A: We were on tour in Italy and we did a concert in Rome at a beautiful outdoor park. After the show, we were headed back to the hotel and the concert promoter and Italian touring agent were in the front seat driving us back and were chatting about something very excitedly and the only words I could make out were Brubeck and California Guitar Trio. When we got back to the hotel they told us [in English] that we should play "Blue Rondo à la Turk" from Dave Brubeck. They explained that it was the perfect piece for us, that it had the classical element, the jazz element, the odd time signatures, and the shifting of meters and all things that are part of the Trio’s interests and things that we could do well. The more we dove into that piece we discovered that they were right. Since then it’s been a favorite to play live.
Q: Besides the Brubeck cover and other takes on tunes by The Beatles, Beach Boys, Buck Owens, and The Shadows, Komorebi includes a number of originals, including some tracks you wrote yourself. Can you tell us what inspired one of those tunes?
A: Almost five years ago my wife and I moved to Los Angeles, and then our beloved dog Maya -- who we had for 11 years -- unexpectedly passed away. After having such a personal struggle and then getting to the point where you feel like you can be OK again -- despite the difficulties - that inspired the main ideas for the song "Euphoria." Around that same time, I met Petra Haden when we were doing a music project up in Seattle with some other Robert Fripp students. She is such an amazing singer and a really great person and I invited her to sing on a couple tracks on the album. She just loved that tune! I didn’t give her any instructions; I just let her do what she wanted. She picked up on the intricacies of that piece and brought it out with her beautiful vocal parts, and also we had Tony Levin playing Chapman Stick on that piece, so that’s a special one for me.
Q: How you decide which songs --- original and covers --- to put on your albums?

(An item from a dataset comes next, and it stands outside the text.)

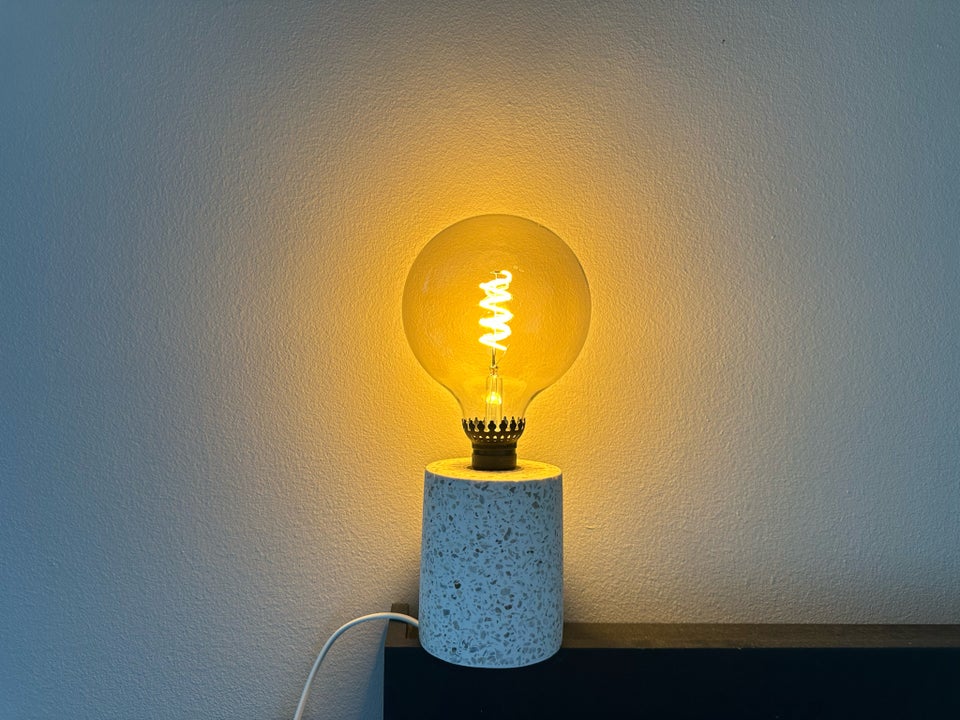 Anden bordlampe, IKEA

Does that process get a little intense between the three of you in the Trio?
A: Every tune has its own story behind it. It’s just a process of consensus between the three of us. That’s never been much of an issue for us. If there’s any one of us that’s not interested in something it’s easy for the other two of us to let it go, but that doesn’t happen very often. We’re all three so open-minded musically and love so many different kinds of music there isn’t much you could throw at us that we wouldn’t be at least willing to give it a try.
Martin Bandyke is the morning drive host on Ann Arbor’s 107one, WQKL-FM. He also helms the AADL podcast Under Covers.